=== Section Start ===

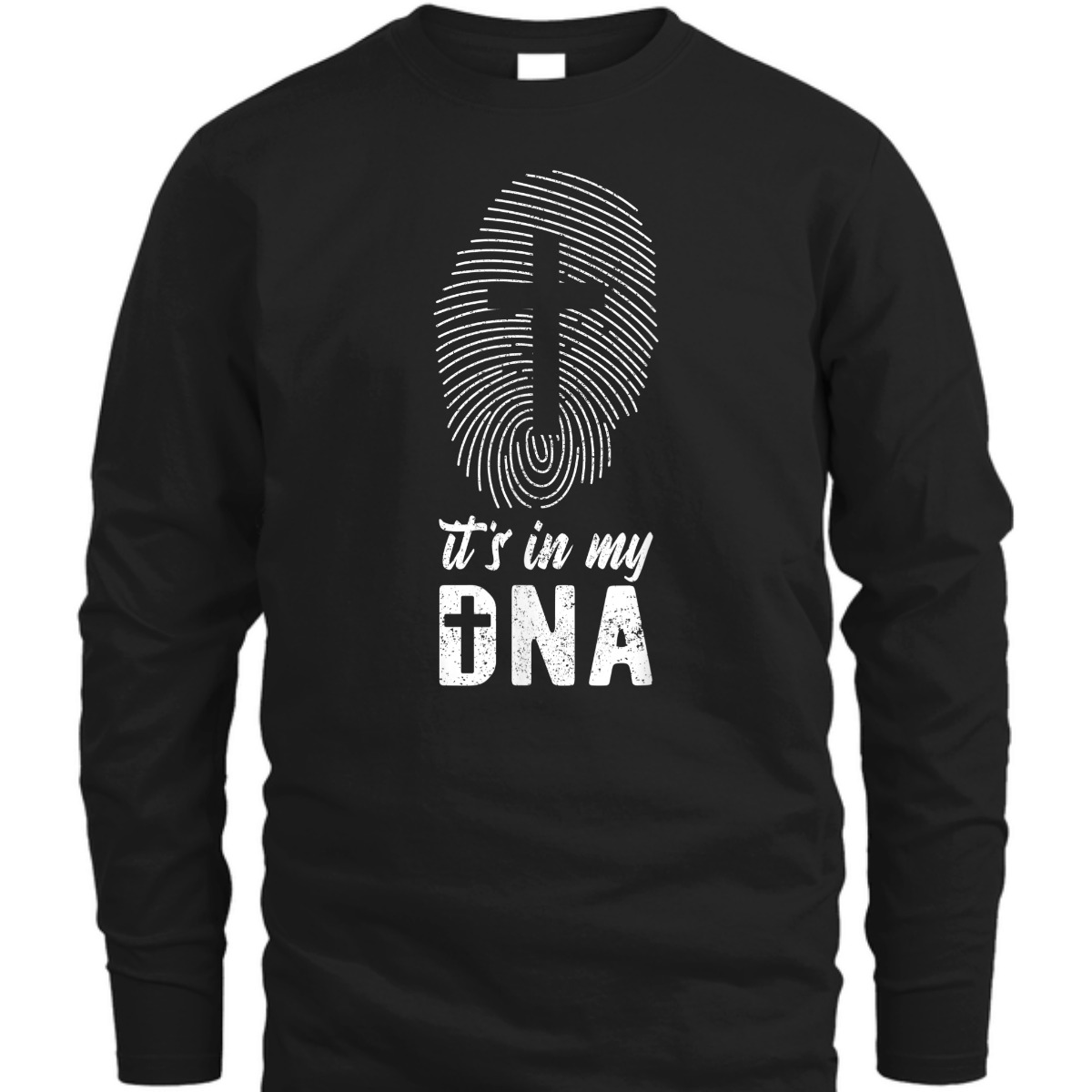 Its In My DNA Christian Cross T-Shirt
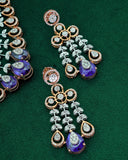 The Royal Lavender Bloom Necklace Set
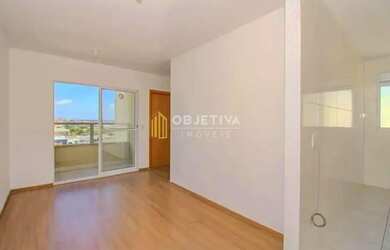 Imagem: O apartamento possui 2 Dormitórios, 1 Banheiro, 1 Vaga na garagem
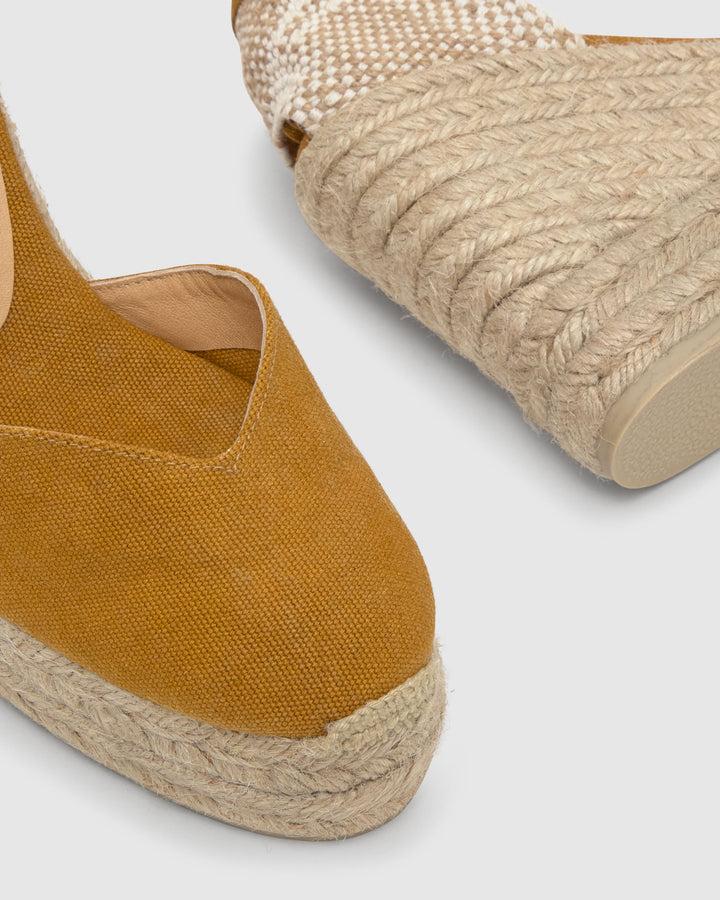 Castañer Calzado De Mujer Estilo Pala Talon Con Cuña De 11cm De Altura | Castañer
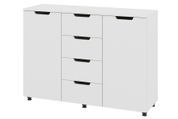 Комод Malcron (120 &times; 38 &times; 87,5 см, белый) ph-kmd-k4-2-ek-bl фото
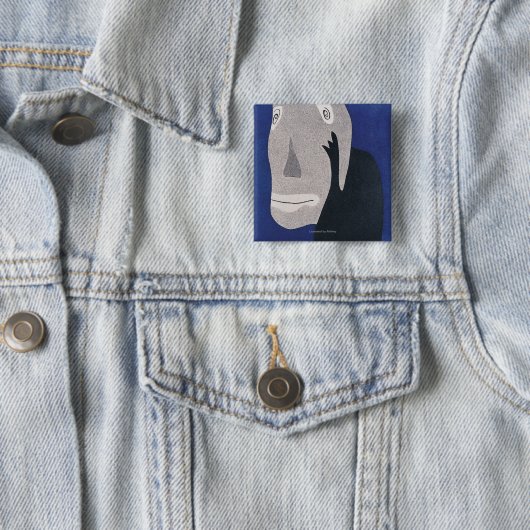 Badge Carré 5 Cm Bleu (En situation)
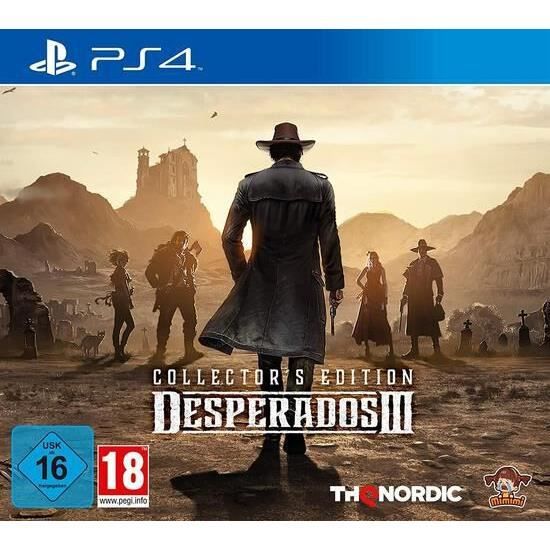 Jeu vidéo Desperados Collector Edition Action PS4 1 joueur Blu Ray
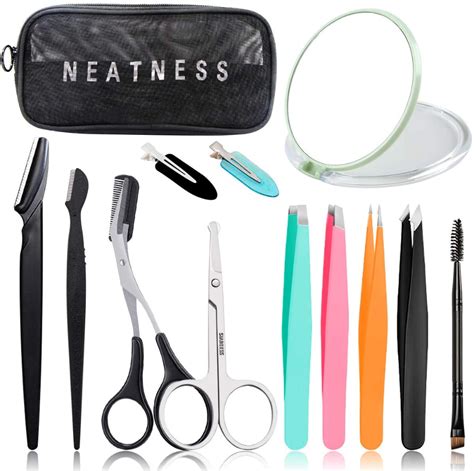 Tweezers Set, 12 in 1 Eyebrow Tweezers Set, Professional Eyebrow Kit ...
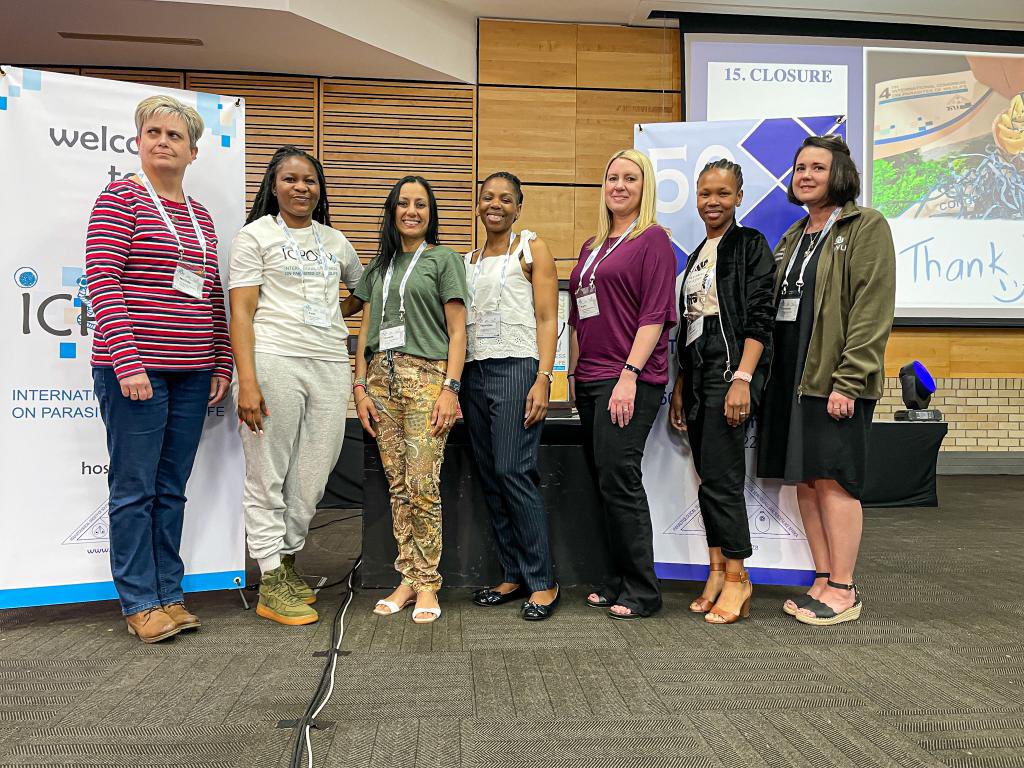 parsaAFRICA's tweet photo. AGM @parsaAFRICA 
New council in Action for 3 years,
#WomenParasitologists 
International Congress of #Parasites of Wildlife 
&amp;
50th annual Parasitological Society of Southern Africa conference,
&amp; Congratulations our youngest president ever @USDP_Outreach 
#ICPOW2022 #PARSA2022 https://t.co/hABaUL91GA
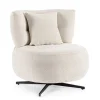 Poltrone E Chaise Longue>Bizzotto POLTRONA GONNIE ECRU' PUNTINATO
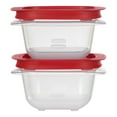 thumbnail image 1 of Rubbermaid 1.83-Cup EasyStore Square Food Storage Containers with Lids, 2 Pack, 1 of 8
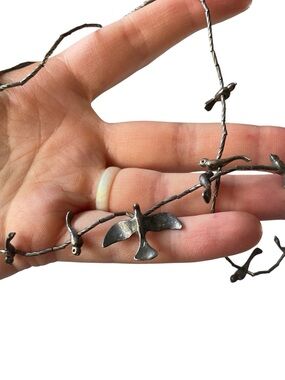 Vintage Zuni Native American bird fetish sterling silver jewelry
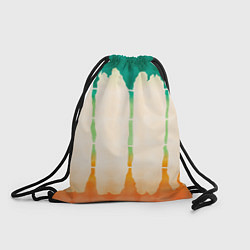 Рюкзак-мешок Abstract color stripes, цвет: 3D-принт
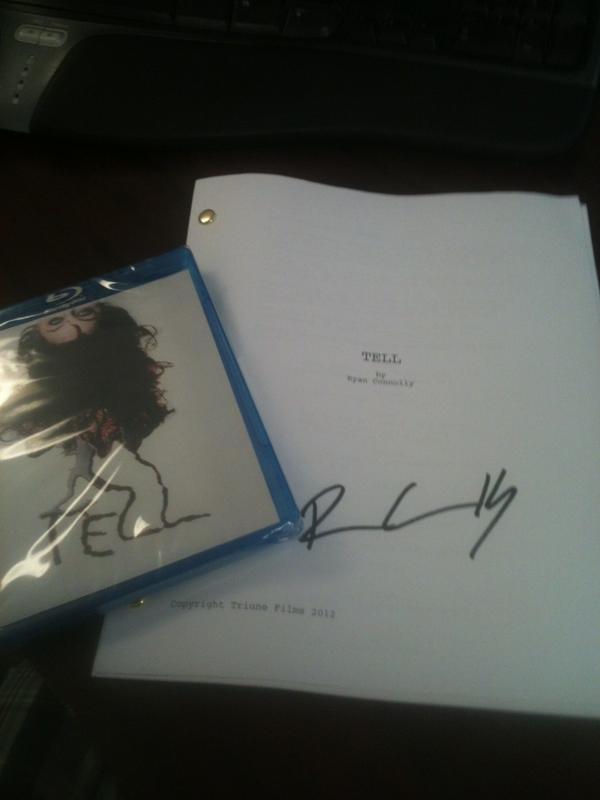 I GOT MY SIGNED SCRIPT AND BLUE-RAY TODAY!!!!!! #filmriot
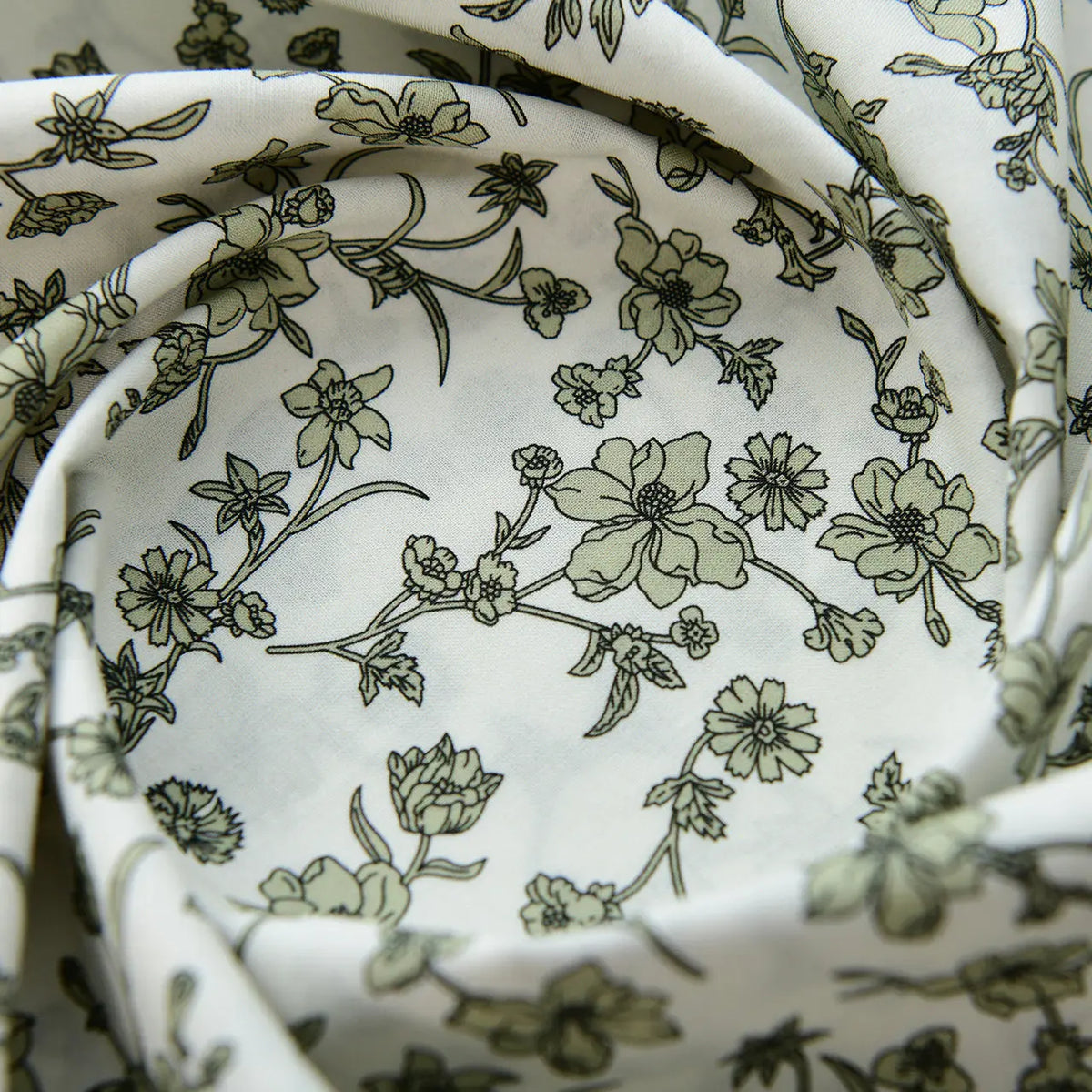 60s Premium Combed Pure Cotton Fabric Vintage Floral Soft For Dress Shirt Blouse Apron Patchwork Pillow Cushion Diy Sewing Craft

=== Section End ===

What you are asked to do: Could you repeat, exactly, only the lines above starting at the one that has "Vintage Zuni Native" and stopping after the one that has "I GOT MY SIGNED", without the pictures?

Result of the exercise:
 Vintage Zuni Native American bird fetish sterling silver jewelry
 Рюкзак-мешок Abstract color stripes, цвет: 3D-принт
 I GOT MY SIGNED SCRIPT AND BLUE-RAY TODAY!!!!!! #filmriot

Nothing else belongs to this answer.